__TASK TO CARRY OUT__: Return an exact copy of the data, starting at its first line and ending at the line that contains "Now that we", minus any pictures.

__THE DATA__:
────────
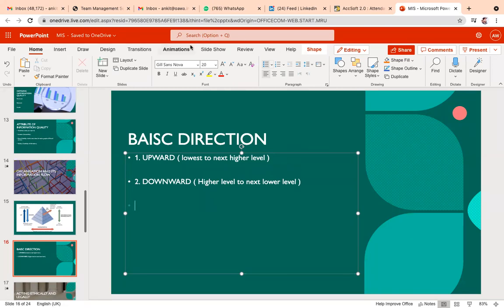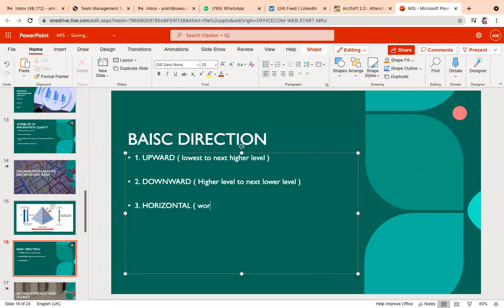Point number three is horizontal information flow. Horizontal information is basically between two business units or two functional units. When two departments belonging to the same level interact with each other, that is called horizontal communication. It is basically more about working in teams — whenever different units of the organization interact with each other at the same level, that is horizontal communication.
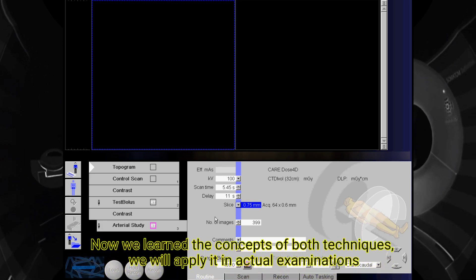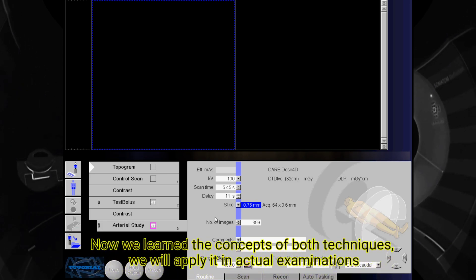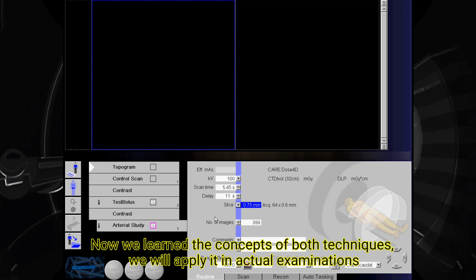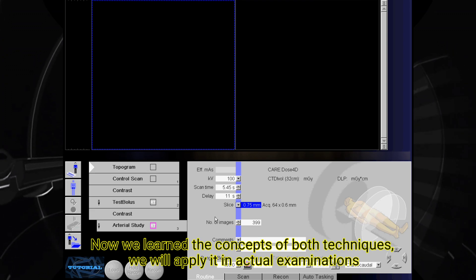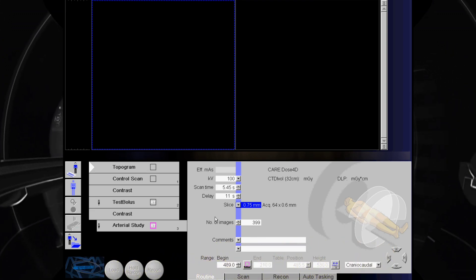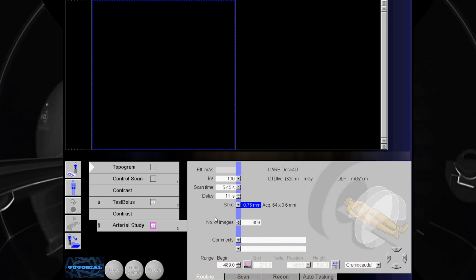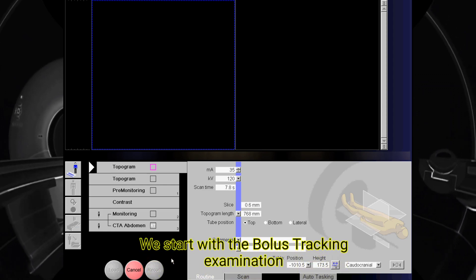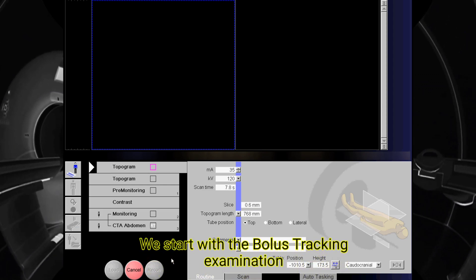Now that we have learned the concepts of both techniques, we will apply them in actual examinations. We start with a bolus tracking examination.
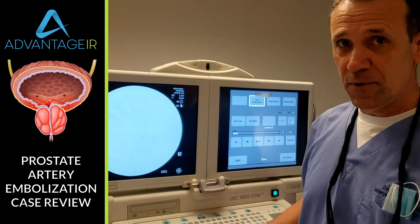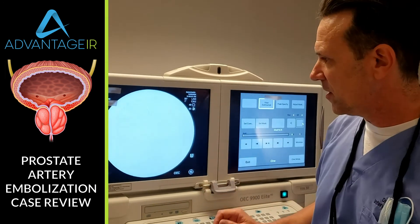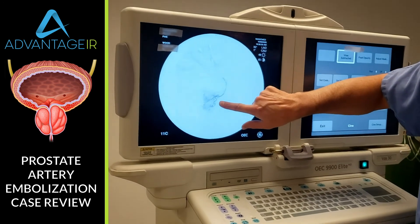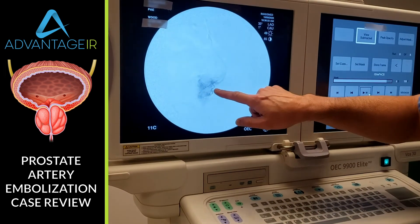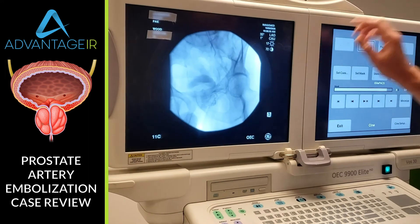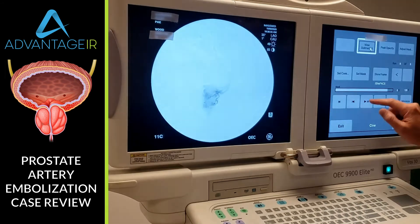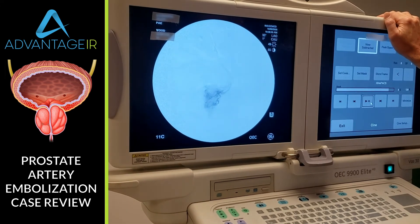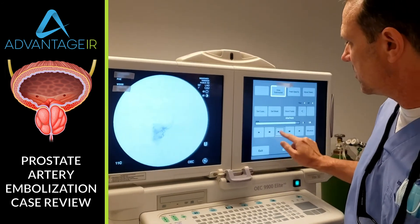We're going to go into that with the microcatheter, and that's what we've done here. After giving nitroglycerin, we've got a better angiogram. We're injecting in the left prostatic artery, and you can see the blush — the capillary phase blush in the prostate tissue right there. Let's bring the bones in — yes, an ideal location for the prostate. We gave the beads and closed up all those branches into the prostate.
────────
__TASK RESULT__:
Point number three is horizontal information flow. Horizontal information is basically between two business units or two functional units. When two departments belonging to the same level interact with each other, that is called horizontal communication. It is basically more about working in teams — whenever different units of the organization interact with each other at the same level, that is horizontal communication.
Now that we have learned the concepts of both techniques, we will apply them in actual examinations. We start with a bolus tracking examination.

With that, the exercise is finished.